Case ID: tex-crim_49/html/0358-01.html
Source: Caselaw Access Project
Author: {"author": "BROOKS, Judge.", "license": "Public Domain", "url": "https://static.case.law/"}
Date Created: 2024-08-24T03:29:51.129683

Jeff Vann v. The State.
    No. 3348.
    Decided February 14, 1906.
    Manslaughter—Bill of Exceptions—Ordinance.
    Upon an appeal for a conviction of manslaughter- where the bill of exceptions did not set out the ordinance, to the introduction of which objection was made during the trial because of its unconstitutionality, the same can not be considered, and the explanation of the court does not cure the defect in the bill.

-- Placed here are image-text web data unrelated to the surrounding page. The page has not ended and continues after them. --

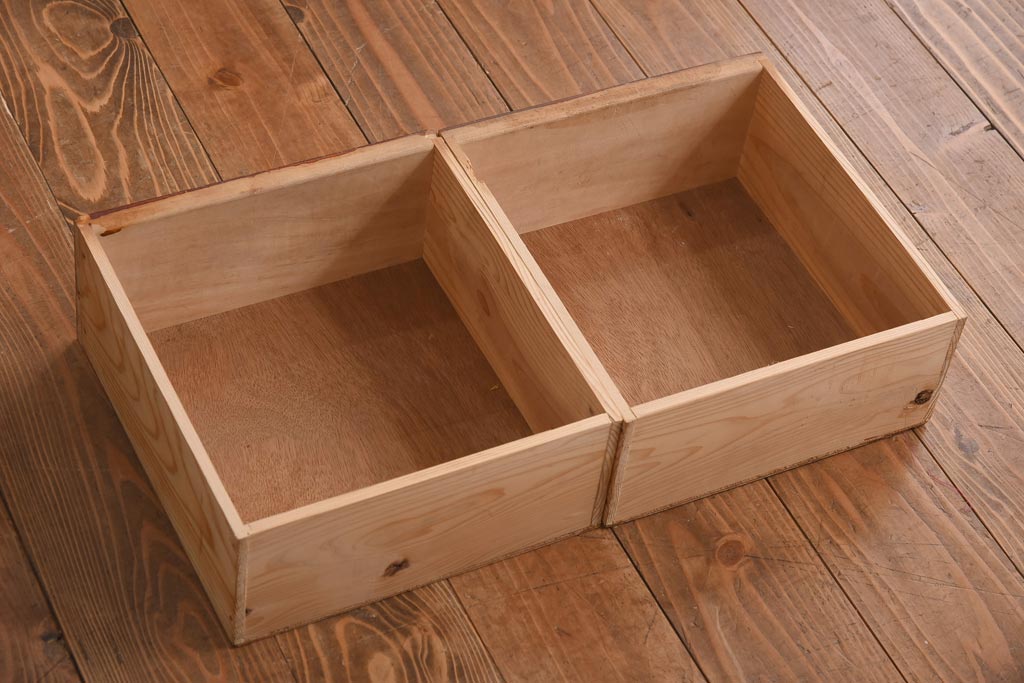 アンティーク家具　和製アンティーク　ダイヤガラス　レトロな雰囲気が味のある古い本箱(収納棚、ブックケース)(R-038483)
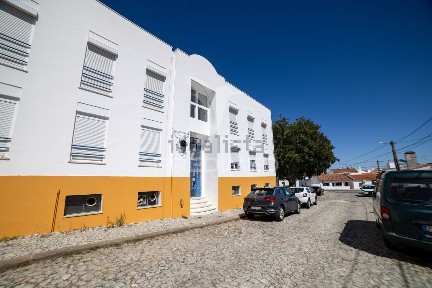 Apartamento T3 à venda na Rua Duarte de Meneses, 4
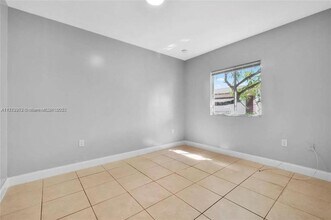 1839 NW 74th St in Miami, FL - Building Photo - Building Photo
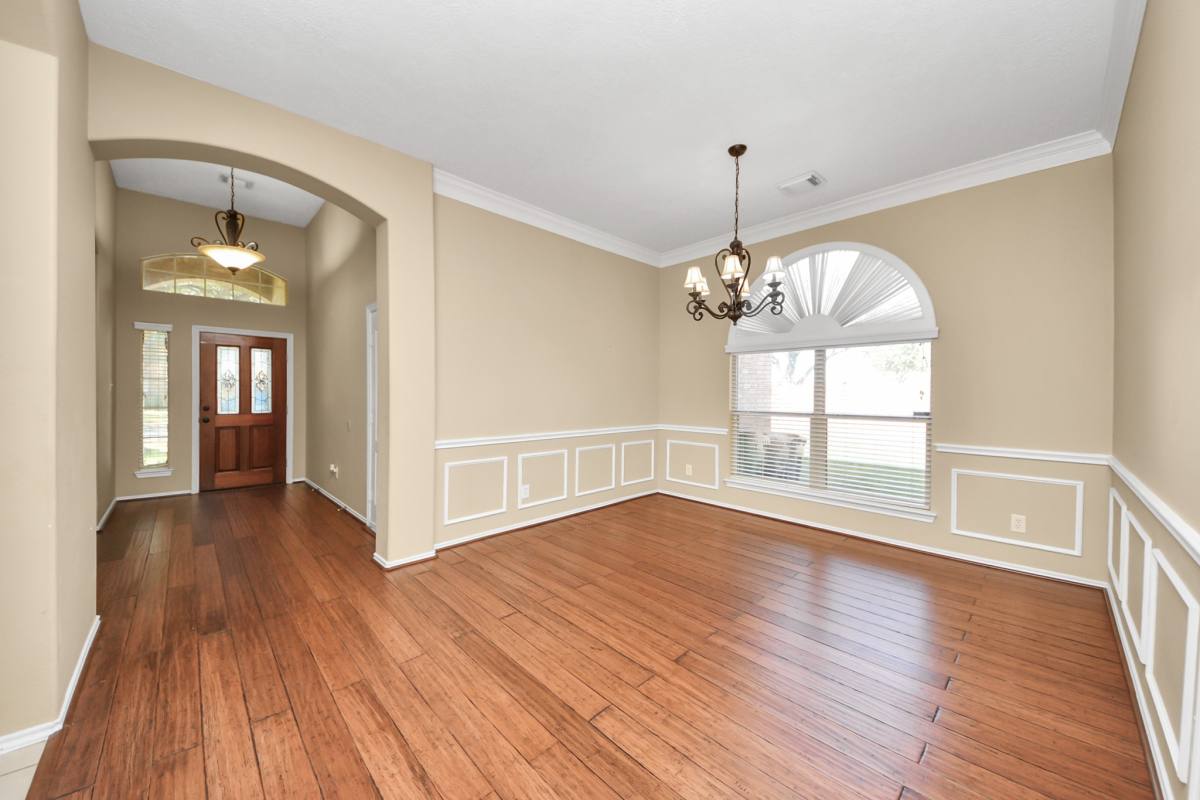 Apartment for rent at 10118 Heron Meadows Dr, Houston, TX 77095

    Appeal from the District Court of Tarrant. Tried below before Hon. Irvy Dunklin.
    Appeal from a conviction of manslaughter; penalty, four years imprisonment in the penitentiary.
    The opinion states the case.-
    The facts of this case will be found in the opinion of the court on former appeal, 45 Texas Crim. Rep., 434.
    
      McLean & Scott, for appellant.
    
      Howard Martin, Assistant Attorney-General, for the State.
   BROOKS, Judge.

Appellant was convicted of manslaughter, and his punishment fixed at confinement in the penitentiary for a term of four years. This is the second appeal. Vann v. State, 45 Texas Crim. Rep., 434; 8 Texas Ct. Rep., 949.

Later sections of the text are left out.